Dan Newland Reports on PEGASUS’s Race in the 2013 Round The County. Photo’s by Sean Trew.
This years’ RTC was an interesting contrast between what should have been and what was. It should have had decent wind Saturday with light winds Sunday but reality has its own agenda. The County Race (RTC), it is an annual race that races around San Juan County which comprises all the major San Juan Islands like Orcas, San Juan and Lopez Islands plus the nearly countless smaller islands, rocks and reefs of this under water mountain range between the US mainland and Canada. On even years, it goes around the islands clockwise and on odd years like this year, goes counterclockwise. The total distance is about 65 miles overall with the first leg Saturday to Roche Harbor at 34.3 miles and the halfway /shortened course mark at 17 nautical miles from the start. The second day starts off Mosquito pass near Roche Harbor, is 16.4 miles to the halfway/shortened course mark with 31.4 miles for the full distance. The race is so popular that the fleet is limited in size with this year at the typical maximum of 89 boats.
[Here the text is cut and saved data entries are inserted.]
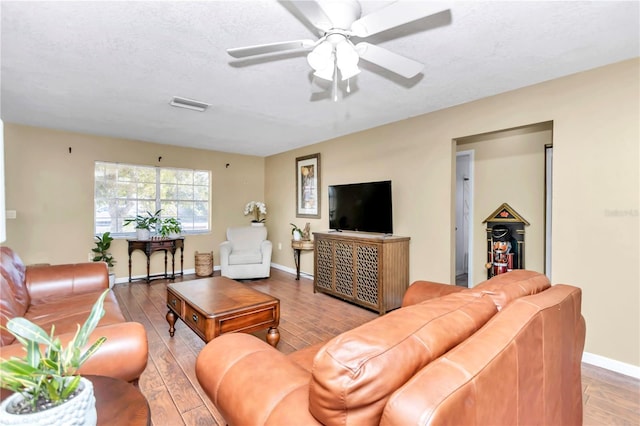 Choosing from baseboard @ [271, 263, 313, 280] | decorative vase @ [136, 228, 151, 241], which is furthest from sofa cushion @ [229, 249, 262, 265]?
decorative vase @ [136, 228, 151, 241]

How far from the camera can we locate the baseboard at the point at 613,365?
2.22 metres

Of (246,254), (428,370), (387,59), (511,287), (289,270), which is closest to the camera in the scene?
(428,370)

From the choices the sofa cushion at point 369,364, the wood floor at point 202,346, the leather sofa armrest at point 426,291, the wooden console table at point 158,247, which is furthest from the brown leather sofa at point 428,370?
the wooden console table at point 158,247

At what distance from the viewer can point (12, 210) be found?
4000 millimetres

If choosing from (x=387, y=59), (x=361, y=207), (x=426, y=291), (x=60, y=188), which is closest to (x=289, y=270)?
(x=361, y=207)

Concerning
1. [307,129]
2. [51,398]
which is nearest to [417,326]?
[51,398]

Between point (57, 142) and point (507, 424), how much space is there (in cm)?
577

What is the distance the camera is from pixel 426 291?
2.05 m

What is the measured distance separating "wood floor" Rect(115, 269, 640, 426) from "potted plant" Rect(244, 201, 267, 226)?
6.33 ft

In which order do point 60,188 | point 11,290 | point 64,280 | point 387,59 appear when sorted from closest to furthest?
point 387,59 → point 11,290 → point 64,280 → point 60,188

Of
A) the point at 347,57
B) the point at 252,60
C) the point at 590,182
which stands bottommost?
the point at 590,182

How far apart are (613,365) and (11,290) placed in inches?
169

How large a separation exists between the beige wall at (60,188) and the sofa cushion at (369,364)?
5.15 metres

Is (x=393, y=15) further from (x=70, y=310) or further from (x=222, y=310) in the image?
(x=70, y=310) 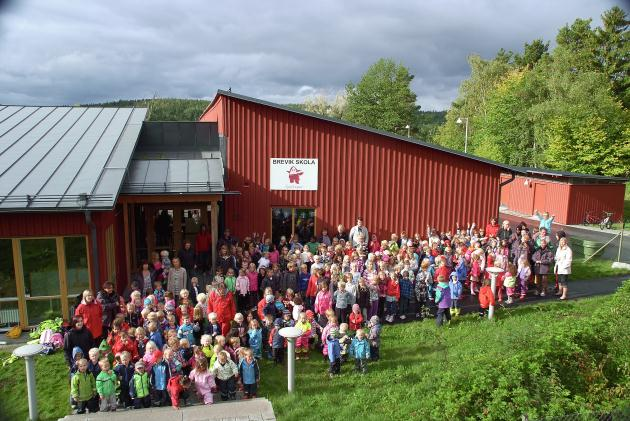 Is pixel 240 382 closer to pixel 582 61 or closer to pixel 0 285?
pixel 0 285

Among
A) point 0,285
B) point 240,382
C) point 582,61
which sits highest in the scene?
point 582,61

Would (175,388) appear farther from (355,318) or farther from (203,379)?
(355,318)

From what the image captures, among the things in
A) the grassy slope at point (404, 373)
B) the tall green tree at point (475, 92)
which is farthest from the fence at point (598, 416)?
the tall green tree at point (475, 92)

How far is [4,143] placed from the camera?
13.6m

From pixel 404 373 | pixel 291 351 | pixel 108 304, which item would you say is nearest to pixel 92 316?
pixel 108 304

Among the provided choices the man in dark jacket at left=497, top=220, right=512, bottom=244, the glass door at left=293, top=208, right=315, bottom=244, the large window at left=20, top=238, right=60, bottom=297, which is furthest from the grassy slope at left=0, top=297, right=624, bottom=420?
the glass door at left=293, top=208, right=315, bottom=244

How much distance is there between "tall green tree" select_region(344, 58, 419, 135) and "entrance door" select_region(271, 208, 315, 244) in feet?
167

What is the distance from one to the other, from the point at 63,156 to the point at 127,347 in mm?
7037

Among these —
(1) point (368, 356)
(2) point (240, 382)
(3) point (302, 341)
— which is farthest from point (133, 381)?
(1) point (368, 356)

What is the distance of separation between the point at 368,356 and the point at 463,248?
5438mm

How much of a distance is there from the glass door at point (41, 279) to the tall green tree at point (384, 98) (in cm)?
5728

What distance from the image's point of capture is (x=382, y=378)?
8.65 meters

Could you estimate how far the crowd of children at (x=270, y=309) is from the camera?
7621 millimetres

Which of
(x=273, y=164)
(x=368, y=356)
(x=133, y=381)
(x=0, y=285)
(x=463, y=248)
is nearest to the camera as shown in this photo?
(x=133, y=381) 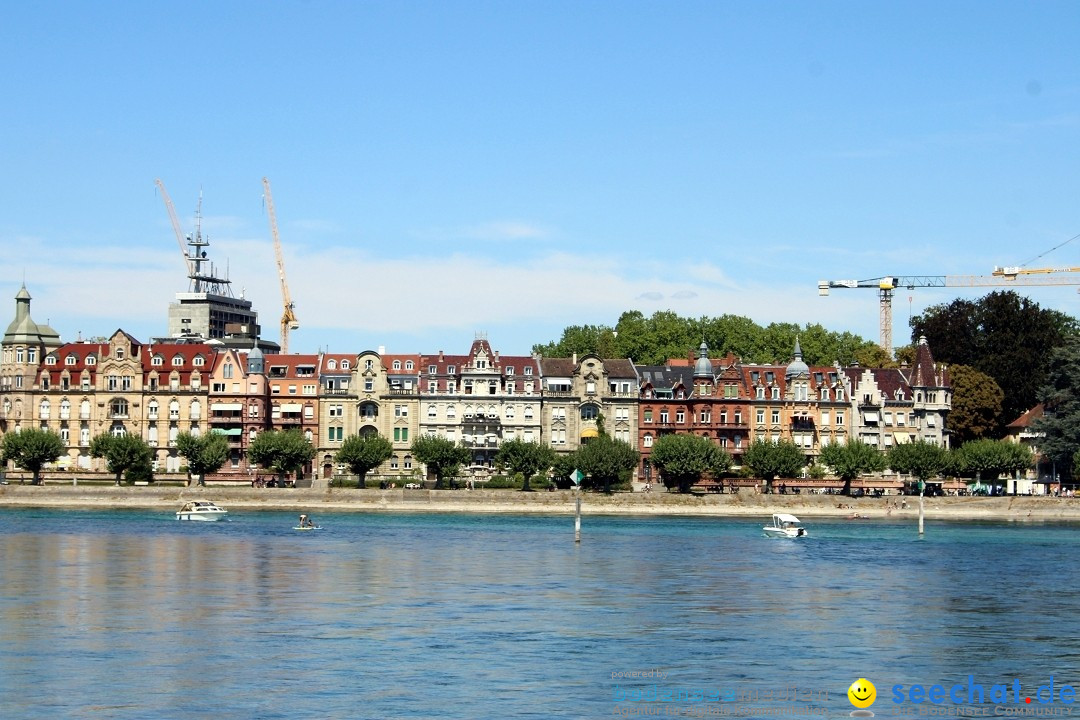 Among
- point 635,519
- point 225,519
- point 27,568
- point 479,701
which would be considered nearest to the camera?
point 479,701

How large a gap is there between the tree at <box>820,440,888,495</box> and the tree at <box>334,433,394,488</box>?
133ft

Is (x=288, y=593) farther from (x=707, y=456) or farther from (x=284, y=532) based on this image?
(x=707, y=456)

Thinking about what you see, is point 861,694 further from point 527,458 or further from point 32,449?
point 32,449

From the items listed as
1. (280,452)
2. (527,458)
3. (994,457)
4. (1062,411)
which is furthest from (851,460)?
(280,452)

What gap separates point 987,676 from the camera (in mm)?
52969

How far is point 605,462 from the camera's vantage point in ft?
484

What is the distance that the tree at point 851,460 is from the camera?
15250 centimetres

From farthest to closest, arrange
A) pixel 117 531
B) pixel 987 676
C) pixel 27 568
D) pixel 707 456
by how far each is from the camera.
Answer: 1. pixel 707 456
2. pixel 117 531
3. pixel 27 568
4. pixel 987 676

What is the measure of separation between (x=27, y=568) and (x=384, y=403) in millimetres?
86063

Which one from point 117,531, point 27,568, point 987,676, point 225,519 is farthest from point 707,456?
point 987,676

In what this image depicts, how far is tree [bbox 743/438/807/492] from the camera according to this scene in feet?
499

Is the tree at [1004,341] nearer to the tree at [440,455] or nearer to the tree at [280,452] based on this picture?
the tree at [440,455]

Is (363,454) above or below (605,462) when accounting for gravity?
above

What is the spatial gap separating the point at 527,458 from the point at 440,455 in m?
8.07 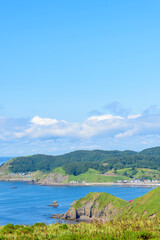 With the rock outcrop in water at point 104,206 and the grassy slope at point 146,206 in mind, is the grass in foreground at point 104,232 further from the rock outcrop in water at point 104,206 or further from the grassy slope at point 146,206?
the rock outcrop in water at point 104,206

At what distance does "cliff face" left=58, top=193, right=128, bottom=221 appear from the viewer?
168 metres

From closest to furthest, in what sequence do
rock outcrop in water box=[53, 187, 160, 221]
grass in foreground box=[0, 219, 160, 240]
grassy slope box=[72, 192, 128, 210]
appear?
grass in foreground box=[0, 219, 160, 240]
rock outcrop in water box=[53, 187, 160, 221]
grassy slope box=[72, 192, 128, 210]

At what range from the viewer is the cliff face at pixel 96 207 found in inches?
6614

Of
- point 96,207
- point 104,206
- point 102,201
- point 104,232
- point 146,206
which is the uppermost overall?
point 104,232

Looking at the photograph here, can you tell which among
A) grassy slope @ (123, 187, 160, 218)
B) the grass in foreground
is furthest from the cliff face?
the grass in foreground

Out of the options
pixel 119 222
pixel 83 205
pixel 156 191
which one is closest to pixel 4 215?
pixel 83 205

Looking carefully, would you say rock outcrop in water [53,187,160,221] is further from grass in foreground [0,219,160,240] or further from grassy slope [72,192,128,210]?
grass in foreground [0,219,160,240]

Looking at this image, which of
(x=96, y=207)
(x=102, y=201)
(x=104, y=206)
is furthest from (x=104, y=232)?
(x=102, y=201)

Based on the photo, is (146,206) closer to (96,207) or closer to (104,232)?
(96,207)

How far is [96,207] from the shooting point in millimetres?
174375

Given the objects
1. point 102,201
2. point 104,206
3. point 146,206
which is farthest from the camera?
point 102,201

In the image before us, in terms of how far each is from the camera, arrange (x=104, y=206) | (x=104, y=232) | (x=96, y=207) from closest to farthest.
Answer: (x=104, y=232), (x=104, y=206), (x=96, y=207)

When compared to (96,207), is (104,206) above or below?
above

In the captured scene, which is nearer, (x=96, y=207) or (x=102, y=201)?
(x=96, y=207) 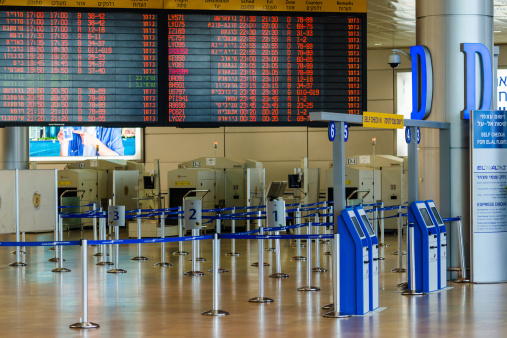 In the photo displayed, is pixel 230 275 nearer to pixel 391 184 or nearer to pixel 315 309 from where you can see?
pixel 315 309

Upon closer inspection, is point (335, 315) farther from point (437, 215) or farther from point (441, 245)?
point (437, 215)

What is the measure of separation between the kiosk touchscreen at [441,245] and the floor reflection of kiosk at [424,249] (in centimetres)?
11

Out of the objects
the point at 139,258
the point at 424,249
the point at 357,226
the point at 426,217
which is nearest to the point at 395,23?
the point at 139,258

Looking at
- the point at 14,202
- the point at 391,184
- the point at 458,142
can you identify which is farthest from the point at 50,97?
the point at 391,184

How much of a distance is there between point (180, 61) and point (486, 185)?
4.46 m

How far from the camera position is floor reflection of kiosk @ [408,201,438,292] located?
10.0 metres

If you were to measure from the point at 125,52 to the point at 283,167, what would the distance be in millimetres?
14210

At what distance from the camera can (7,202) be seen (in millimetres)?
13805

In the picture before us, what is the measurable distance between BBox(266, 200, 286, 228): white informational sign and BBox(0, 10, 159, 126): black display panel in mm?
2000

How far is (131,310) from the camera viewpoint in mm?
8922

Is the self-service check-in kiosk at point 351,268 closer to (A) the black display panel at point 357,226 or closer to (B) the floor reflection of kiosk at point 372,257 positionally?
(A) the black display panel at point 357,226

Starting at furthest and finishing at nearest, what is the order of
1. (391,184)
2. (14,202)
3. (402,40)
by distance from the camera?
1. (402,40)
2. (391,184)
3. (14,202)

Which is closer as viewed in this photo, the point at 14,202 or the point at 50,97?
the point at 50,97

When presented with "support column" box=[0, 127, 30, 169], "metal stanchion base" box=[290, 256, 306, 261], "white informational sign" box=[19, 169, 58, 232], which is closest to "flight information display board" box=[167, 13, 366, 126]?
"metal stanchion base" box=[290, 256, 306, 261] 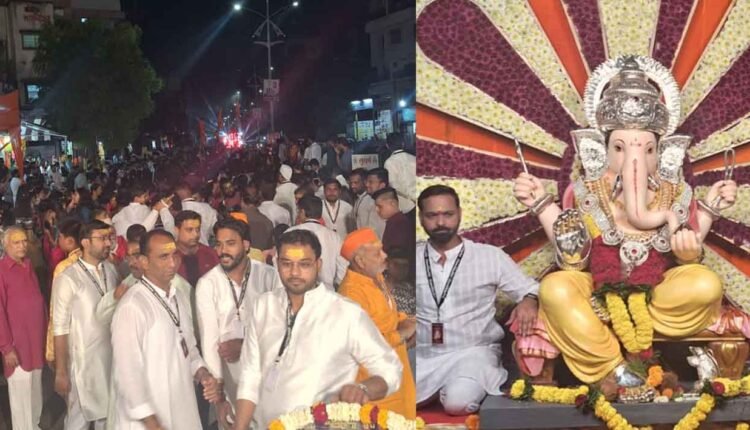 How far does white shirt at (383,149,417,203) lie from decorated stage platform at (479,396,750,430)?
3.64ft

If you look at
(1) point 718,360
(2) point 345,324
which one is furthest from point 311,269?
(1) point 718,360

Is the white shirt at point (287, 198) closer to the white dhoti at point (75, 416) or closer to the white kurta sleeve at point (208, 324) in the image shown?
the white kurta sleeve at point (208, 324)

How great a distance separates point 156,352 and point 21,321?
70 centimetres

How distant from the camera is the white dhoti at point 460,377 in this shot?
5699 millimetres

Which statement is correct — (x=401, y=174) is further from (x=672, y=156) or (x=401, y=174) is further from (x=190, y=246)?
(x=672, y=156)

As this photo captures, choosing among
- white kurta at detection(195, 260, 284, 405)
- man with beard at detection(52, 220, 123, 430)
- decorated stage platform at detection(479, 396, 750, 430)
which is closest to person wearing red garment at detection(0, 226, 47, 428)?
man with beard at detection(52, 220, 123, 430)

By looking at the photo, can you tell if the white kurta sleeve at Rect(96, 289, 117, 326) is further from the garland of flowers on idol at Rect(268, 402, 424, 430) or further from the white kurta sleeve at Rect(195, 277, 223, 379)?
the garland of flowers on idol at Rect(268, 402, 424, 430)

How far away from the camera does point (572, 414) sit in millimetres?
5582

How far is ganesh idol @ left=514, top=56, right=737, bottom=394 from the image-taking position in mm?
5555

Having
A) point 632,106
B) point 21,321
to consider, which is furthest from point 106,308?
point 632,106

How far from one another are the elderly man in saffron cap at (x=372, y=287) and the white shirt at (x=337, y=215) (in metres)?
0.05

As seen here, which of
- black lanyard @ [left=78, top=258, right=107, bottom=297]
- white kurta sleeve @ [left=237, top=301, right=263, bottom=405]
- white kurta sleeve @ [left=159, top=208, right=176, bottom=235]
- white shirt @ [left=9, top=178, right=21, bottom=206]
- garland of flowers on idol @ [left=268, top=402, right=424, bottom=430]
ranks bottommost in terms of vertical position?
garland of flowers on idol @ [left=268, top=402, right=424, bottom=430]

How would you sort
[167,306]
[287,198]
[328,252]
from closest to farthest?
1. [167,306]
2. [328,252]
3. [287,198]

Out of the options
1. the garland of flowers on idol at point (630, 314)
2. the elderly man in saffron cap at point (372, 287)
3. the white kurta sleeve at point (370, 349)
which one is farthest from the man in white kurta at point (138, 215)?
the garland of flowers on idol at point (630, 314) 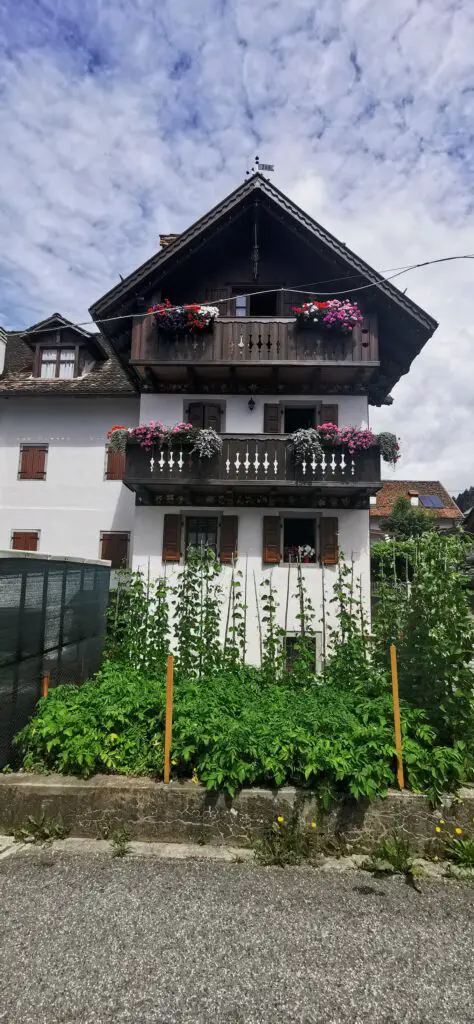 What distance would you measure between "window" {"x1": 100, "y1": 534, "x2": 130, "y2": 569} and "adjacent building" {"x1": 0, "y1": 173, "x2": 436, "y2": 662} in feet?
8.78

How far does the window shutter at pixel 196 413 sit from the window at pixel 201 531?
2.48 m

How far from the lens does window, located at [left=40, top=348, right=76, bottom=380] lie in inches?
663

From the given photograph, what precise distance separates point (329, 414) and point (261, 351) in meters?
2.39

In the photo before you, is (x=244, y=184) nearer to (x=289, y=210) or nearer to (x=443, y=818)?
(x=289, y=210)

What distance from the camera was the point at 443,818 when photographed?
522 cm

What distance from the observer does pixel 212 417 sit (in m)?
13.8

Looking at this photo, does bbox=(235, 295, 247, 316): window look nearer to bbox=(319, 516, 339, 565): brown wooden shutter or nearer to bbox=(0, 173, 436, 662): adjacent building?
bbox=(0, 173, 436, 662): adjacent building

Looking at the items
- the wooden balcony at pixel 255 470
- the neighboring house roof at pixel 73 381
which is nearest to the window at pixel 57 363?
the neighboring house roof at pixel 73 381

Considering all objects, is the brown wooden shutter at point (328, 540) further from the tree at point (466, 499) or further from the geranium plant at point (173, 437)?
the tree at point (466, 499)

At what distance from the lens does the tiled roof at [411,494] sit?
39.1 m

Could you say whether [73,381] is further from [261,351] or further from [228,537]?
A: [228,537]

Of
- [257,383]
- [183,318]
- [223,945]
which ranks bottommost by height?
[223,945]

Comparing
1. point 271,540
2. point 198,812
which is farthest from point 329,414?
point 198,812

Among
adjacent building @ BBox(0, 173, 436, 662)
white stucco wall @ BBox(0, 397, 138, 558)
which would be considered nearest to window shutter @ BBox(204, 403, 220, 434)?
adjacent building @ BBox(0, 173, 436, 662) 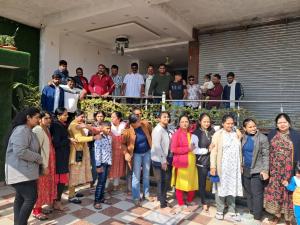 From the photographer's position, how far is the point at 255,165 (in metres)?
4.07

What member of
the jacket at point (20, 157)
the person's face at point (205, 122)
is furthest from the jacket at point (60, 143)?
the person's face at point (205, 122)

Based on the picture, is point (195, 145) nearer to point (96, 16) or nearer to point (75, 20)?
point (96, 16)

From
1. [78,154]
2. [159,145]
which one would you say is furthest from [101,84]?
[159,145]

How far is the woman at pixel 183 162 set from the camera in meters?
4.41

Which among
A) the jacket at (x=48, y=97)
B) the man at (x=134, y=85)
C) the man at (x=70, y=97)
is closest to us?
the jacket at (x=48, y=97)

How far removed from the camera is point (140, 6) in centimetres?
640

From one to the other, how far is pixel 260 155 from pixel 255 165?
166 mm

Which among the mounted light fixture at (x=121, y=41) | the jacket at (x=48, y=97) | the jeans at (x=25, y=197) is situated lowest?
the jeans at (x=25, y=197)

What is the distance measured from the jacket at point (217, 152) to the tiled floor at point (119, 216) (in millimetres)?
782

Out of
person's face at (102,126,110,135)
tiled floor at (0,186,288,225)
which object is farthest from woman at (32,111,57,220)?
person's face at (102,126,110,135)

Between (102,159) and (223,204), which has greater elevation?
(102,159)

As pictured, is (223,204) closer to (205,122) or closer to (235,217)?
(235,217)

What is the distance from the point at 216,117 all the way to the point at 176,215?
80.7 inches

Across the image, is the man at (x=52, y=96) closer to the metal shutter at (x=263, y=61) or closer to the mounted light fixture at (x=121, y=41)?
the mounted light fixture at (x=121, y=41) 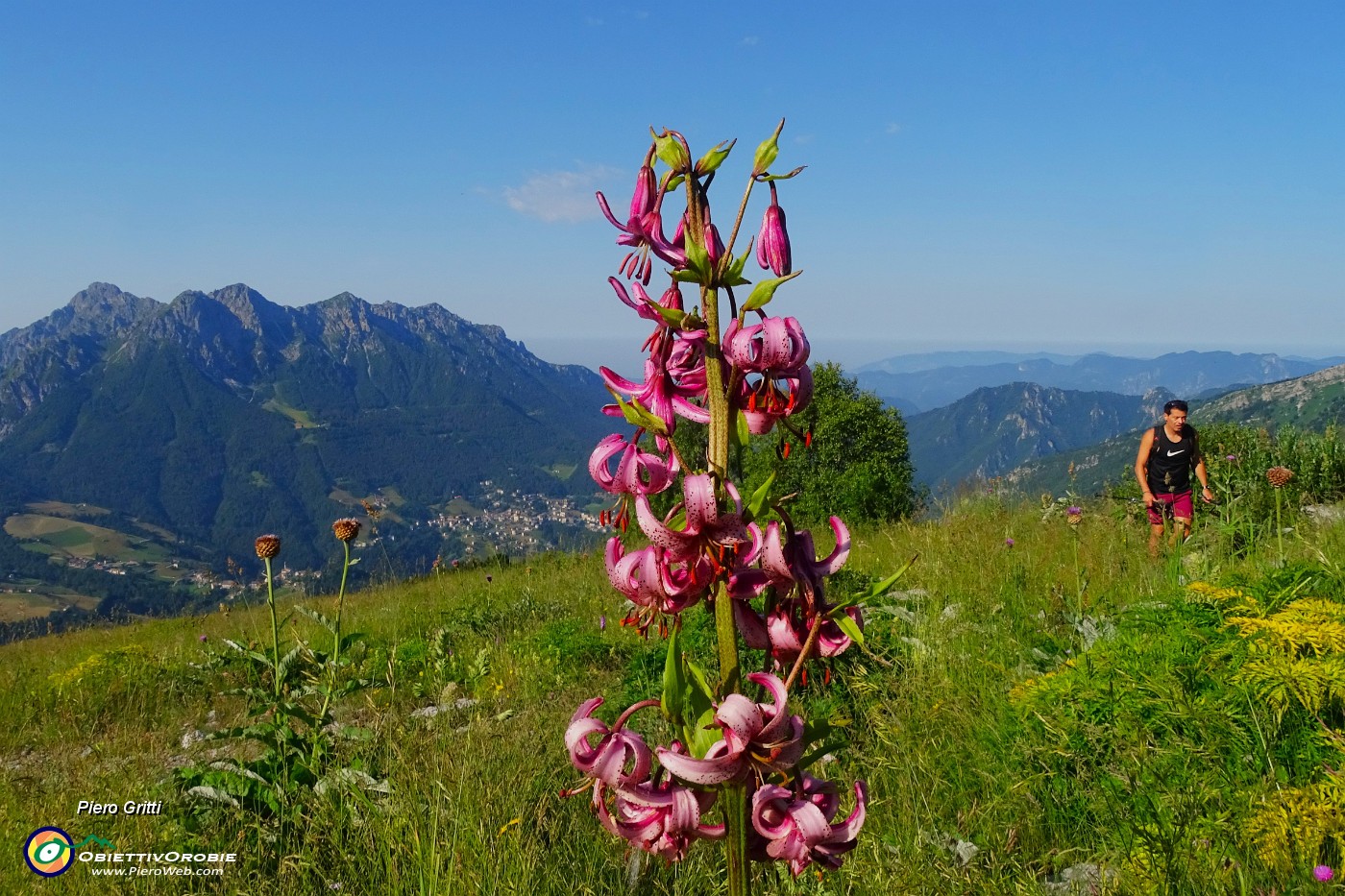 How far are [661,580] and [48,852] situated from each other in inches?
115

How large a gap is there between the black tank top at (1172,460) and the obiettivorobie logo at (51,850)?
8.20m

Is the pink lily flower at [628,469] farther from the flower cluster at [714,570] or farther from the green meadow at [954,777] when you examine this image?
the green meadow at [954,777]

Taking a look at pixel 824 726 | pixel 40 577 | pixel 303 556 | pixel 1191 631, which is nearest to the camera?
pixel 824 726

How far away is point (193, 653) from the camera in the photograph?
303 inches

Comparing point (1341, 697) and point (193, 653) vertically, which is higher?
point (1341, 697)

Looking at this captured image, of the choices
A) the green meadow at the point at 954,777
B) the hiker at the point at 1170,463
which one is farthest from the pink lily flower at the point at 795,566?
the hiker at the point at 1170,463

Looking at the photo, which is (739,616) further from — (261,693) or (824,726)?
(261,693)

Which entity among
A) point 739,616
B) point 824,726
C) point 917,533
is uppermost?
point 739,616

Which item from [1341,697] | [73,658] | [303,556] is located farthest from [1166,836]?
[303,556]

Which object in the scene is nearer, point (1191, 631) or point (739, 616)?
point (739, 616)

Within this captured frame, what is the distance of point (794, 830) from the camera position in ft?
4.17

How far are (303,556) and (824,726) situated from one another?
21876 centimetres

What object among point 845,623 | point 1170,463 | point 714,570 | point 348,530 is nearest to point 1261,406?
point 1170,463

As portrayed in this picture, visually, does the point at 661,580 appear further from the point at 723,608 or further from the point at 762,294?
the point at 762,294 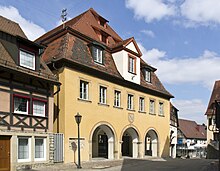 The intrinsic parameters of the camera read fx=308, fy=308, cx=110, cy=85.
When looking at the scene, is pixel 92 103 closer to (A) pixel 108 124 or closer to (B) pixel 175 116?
(A) pixel 108 124

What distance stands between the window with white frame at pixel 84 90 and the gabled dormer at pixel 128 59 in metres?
4.71

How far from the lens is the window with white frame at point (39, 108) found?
18438 mm

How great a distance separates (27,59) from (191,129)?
205 feet

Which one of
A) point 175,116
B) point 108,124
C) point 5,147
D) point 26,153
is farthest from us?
point 175,116

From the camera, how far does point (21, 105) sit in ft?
57.8

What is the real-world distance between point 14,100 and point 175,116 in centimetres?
3361

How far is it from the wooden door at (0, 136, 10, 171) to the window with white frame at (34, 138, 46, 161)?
205 cm

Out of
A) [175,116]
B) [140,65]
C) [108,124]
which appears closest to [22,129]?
[108,124]

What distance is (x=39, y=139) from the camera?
18672mm

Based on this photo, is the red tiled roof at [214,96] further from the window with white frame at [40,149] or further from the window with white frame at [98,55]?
the window with white frame at [40,149]

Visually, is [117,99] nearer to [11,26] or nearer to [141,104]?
[141,104]

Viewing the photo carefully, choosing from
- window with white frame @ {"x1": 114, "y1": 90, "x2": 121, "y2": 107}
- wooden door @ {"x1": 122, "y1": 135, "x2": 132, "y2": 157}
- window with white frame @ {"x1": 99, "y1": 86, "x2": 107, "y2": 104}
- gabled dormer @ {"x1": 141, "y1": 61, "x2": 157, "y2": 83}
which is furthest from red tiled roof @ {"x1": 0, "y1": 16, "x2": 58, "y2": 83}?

Our day on board Pegasus XIV began from Anacortes Saturday morning having delivered the boat there the day before. We left the dock at 7:15 and with the current behind us at 2 knots, we were able to cover the 8.5 miles pretty quickly for what should have been our start at around 8:50 at Lydia Shoals, a bell buoy off the SE corner of Orcas Island. The wind was from the east at 9-12 knots and the weather was hazy but not overcast so it promised to be a great day of sailing. By the time we reached the starting line though, it had already shown signs of lightening up with lulls down to 6 knots and dropping while also swinging north. The wind was atypical in that it was 180 degrees from the normal southerly direction which meant an upwind start for this years’ counterclockwise direction.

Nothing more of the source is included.